大阪・関西万博の象徴である巨大な大屋根リング。未来を期待させるその壮大な構造物。
しかし、段差を利用した告知ペイントは、筆者が大学生だった1980年代のバブル期から用いられてきた手法であり、良く言えば「手垢がついている」、悪く言えば「使い古された」印象を与えた。「未来社会」というテーマに対し、この「手垢」が最初の違和感として心に残った。
酷暑下での長蛇の列:未来とは程遠い熱中症対策
階段を上ると、100メートルほど先に長蛇の列が見えた。鉄柵で仕切られた空間に人々が並び、ゲートの入口ははるか遠く、見えないほどだった。列の脇ではボランティアスタッフが日傘を貸し出しており、その下で立ちっぱなしの彼らの熱中症も心配になった。日傘は行列内でのみ利用可能で、入場ゲートで即座に返却する必要があるという。その話を聞いた途端、背中を汗が流れ落ちた。スマートフォンで確認すると気温は30度だったが、湾岸部特有の湿気と日差しを遮る構造物が皆無なため、体感温度はさらに2、3度高く感じられた。
暑さ対策は皆無と言ってよく、霧を発生させるミスト装置すら見当たらない。

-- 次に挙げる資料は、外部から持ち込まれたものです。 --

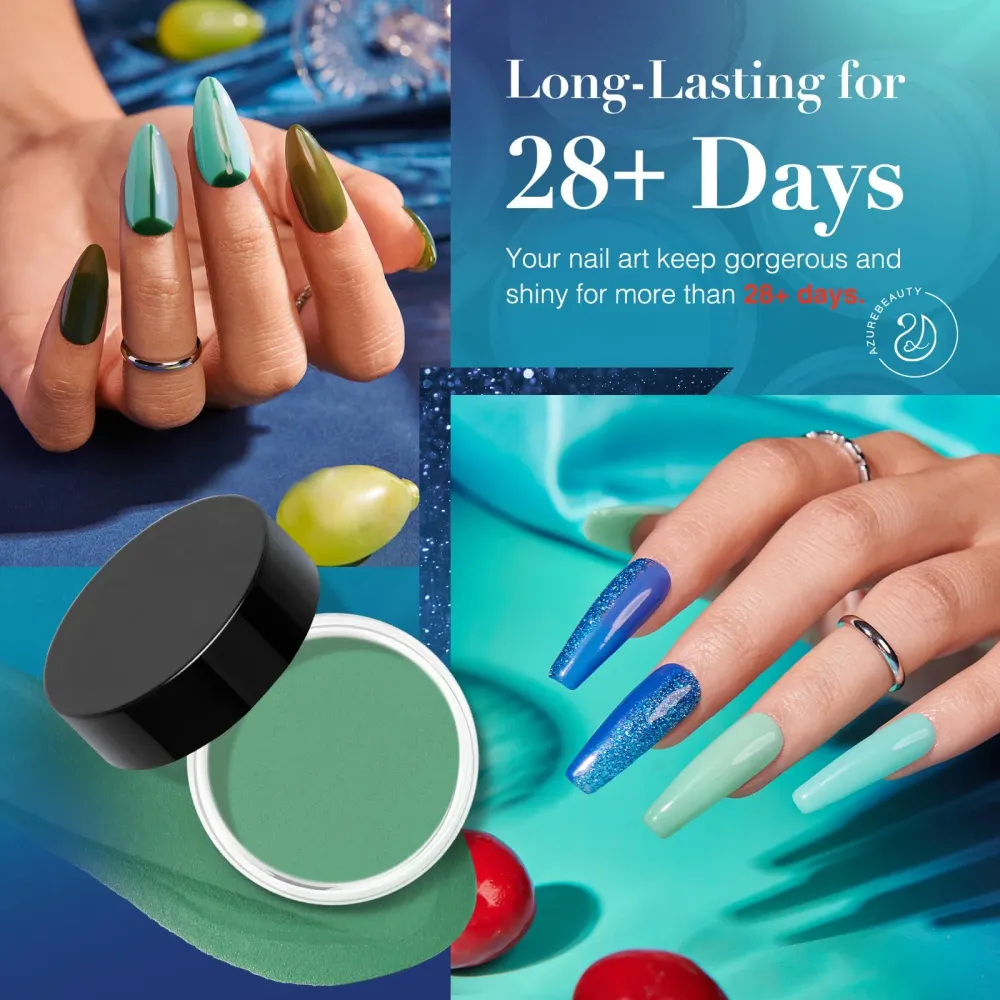 AZUREBEAUTY Dip Powder Nail Set – 6 couleurs bleu/vert irisé, sans lampe, pour toutes les saisons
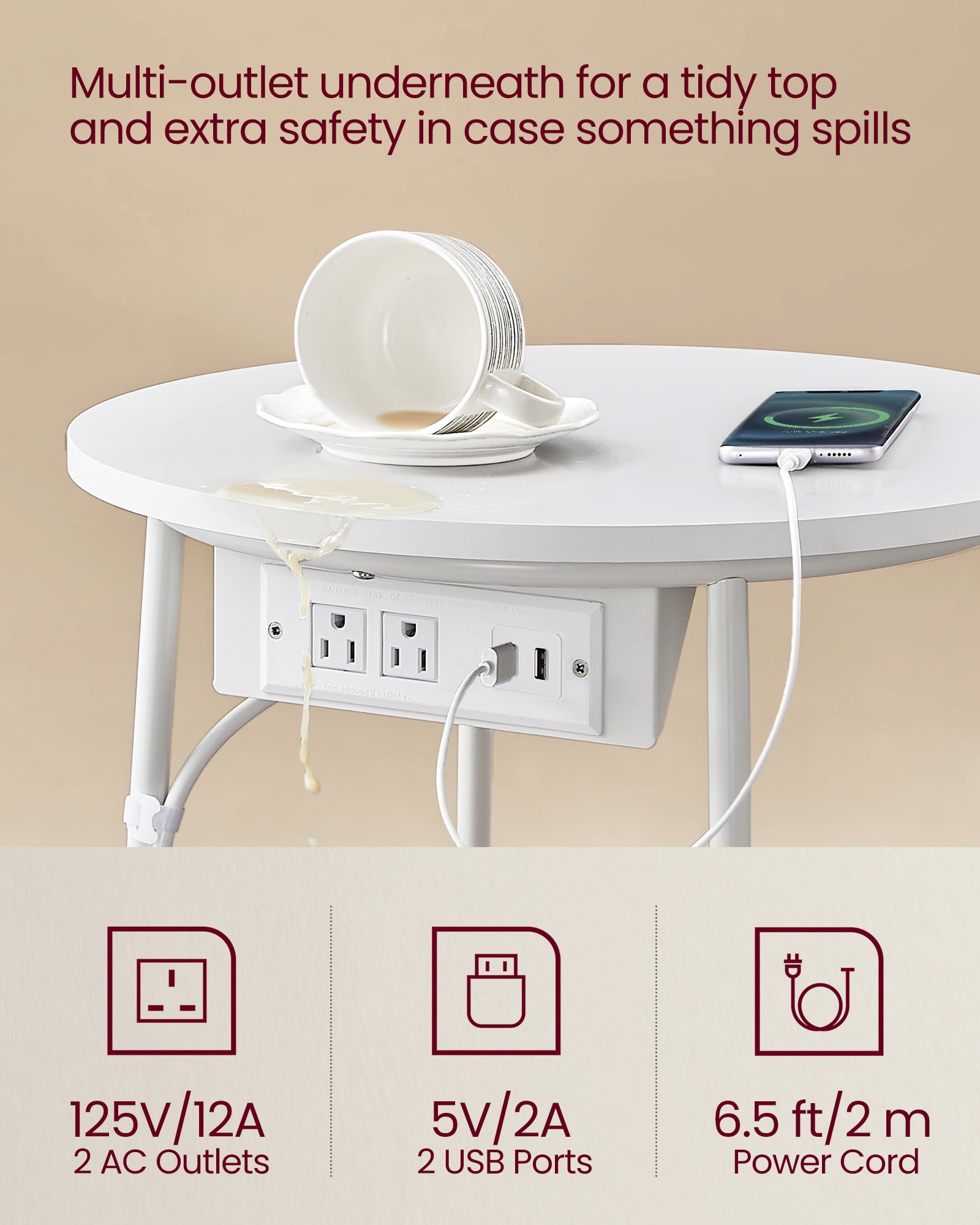 VASAGLE LILEA Collection - Side Table with Charging Station, Round End Table with Fabric Basket, Nightstand with USB Ports, for Living Room, Bedroom, Modern, Matte White and Camel Brown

行列は緩慢に進む。これが「未来社会」の夏の光景なのか、と疑問を抱かざるを得なかった。ようやくゲートに到達し、大型のポリバケツに日傘を返却する。乱雑に投げ込まれた日傘の山を見て、小学生の頃、練馬の自宅近くで見た昭和40年代の屑鉄置き場を思い出し、再び「未来社会」とのギャップを感じた。
空港と変わらぬ入場システム:想像とのギャップ
ゲートチェックでは、空港の保安検査場と全く同じように、X線手荷物検査装置と金属探知機が並び、保安員が忙しく対応していた。QRコードを使ったチェックインも、飛行機に搭乗する際と何ら変わらない。筆者は、「完全無人の全自動入場システム」や「世界各国の言葉を話すロボット保安員」といった、より未来的な光景を想像していたため、現実に直面し、拍子抜けしてしまった。
大阪・関西万博は「未来社会」の実現を掲げているが、今回の訪問を通じて、来場者の快適性や最新技術の導入において、その理想と現実の間に大きな隔たりがあることを強く感じた。夢洲駅到着時に覚えた最初の「違和感」は、万博の随所で現実として浮き彫りになっていた。「未来」への期待を抱いて訪れる人々にとって、この「現実」がどのように受け止められるのか、今後の動向が注目される。